Конечно, в 60-е гг. еще не было возможностей, например, проводить массовые социологические опросы. Но сейчас, казалось бы, можно было при разработке действительно необходимых уточнений орфографии спросить тех, для кого эти уточнения проводятся. Однако и тут (при гораздо меньших предлагаемых изменениях) было по существу сделано всё, чтобы вызвать неприятие проекта с порога у обычных граждан. В результате уважаемые люди вплоть до нобелевских лауреатов увидели в этих уточнениях орфографии «покушение на русский язык». Впрочем, радикальные изменения языковых норм в не самые радикальные исторические периоды – вещь, сложная везде. Массовое недовольство недавней реформой немецкой орфографии – типичный пример. В Японии, как указано выше, дело обстоит иначе: изменения постоянны, но не радикальны.

В заключение хочу привести еще одно письмо Михаила Викторовича Панова, адресованное, правда, не мне, а С. А. Крылову. Написано оно, очевидно, в 1997 г., когда готовился «Фортунатовский сборник», изданный в 2000 г. Речь идет о статье [Алпатов 2000] для этого сборника, посвященной П. С. Кузнецову, лекции которого я слышал в МГУ. Письмо печатается с разрешения адресата.

Дорогой Сергей Александрович!

Статья В. М. Алпатова о П. С. Кузнецове очень интересна.

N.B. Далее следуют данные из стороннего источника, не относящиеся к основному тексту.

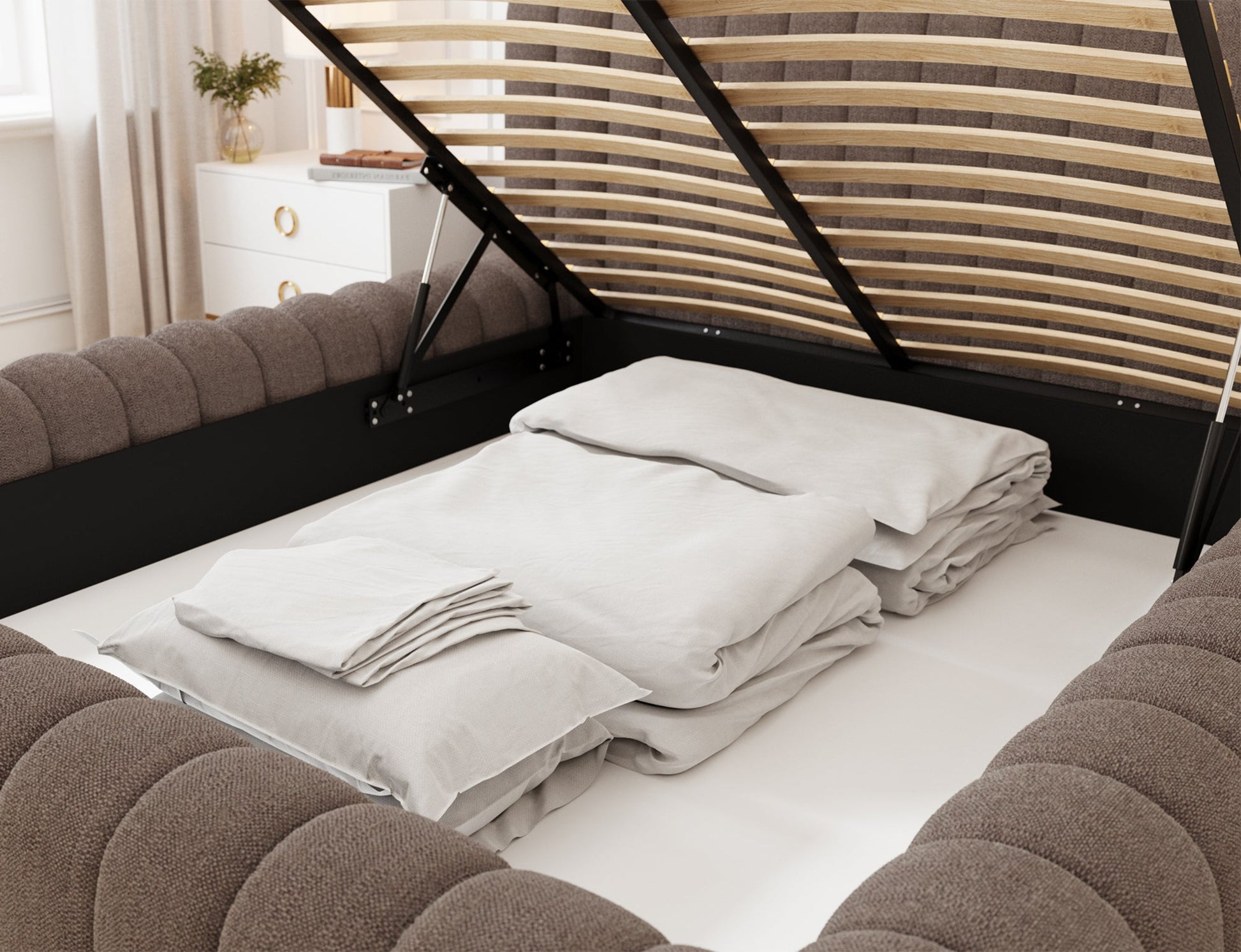 Pojemnik na pościel w łóżku Carilla Tonall 22 ciemnobeżowy z otwartym stelażem i złożoną pościelą w środku.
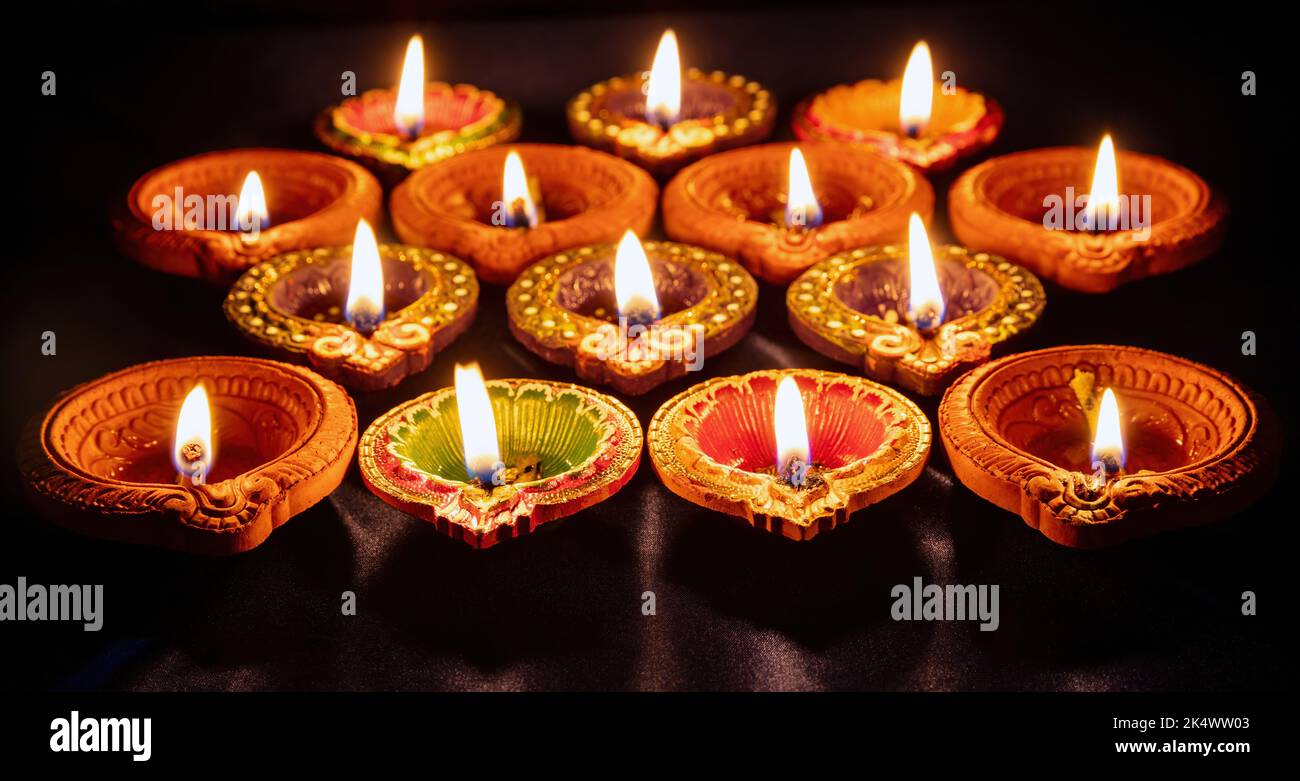 Diwali. Deepavali Hindu festival di luci. Candela diya di argilla. Spia dell'olio accesa su sfondo scuro Foto Stock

Это именно статья; автору удалось вспомнить только одно: что П. С. Кузнецов был сутуловат. Это верно, но для воспоминаний недостаточно.

В. М. Алпатов в одном месте ошибся: написал, что Р. И. Аванесов в 1948 г. сломился и изменил фонологические взгляды. В 1948 г. этого не было. Выдвинул новую теорию фонем в 1954 г., и это не было капитуляцией.

С уважением.

Панов М. В.

Против первого замечания не могу возразить, но что касается ошибки, то я пересказывал мнение самого Петра Саввича, которое он излагал студентам и выразил в воспоминаниях (в 1997 г., впрочем, еще не опубликованных). Он пишет: «1948–1949 гг. были тяжелые годы последнего наступления марристов против индоевропеизма, а также фонологических дискуссий, направленных в первую очередь против Московской фонологической школы… В ходе фонологической дискуссии родилась… новая теория Р. И. Аванесова, который испугался критики, а затем стремился подвести теоретическую базу. Я не принял… теории» [Кузнецов 2003: 231].

Личные взаимоотношения двух выдающихся ученых, как можно видеть, не были гладкими. Но, безусловно, какими бы они ни были, для Михаила Викторовича и Кузнецов, и Аванесов были в равной степени уважаемыми учителями, а фонологическая теория Р. И. Аванесова 50-х гг. – важной научной концепцией. И, прежде всего, ему важно было защитить и ее, и ее автора.

Литература

Алпатов 1979 – Алпатов В. М. Структура грамматических единиц в современном японском языке. М.: Наука, 1979.

Алпатов 1990 – Алпатов В. М. Знаменательные части речи в японском языке // Части речи. Теория и типология. М.: Наука, 1990.

Алпатов 1995 – Алпатов В. М. Литературный язык в России и Японии: опыт сопоставительного анализа // Вопр. языкознания. 1995. № 1.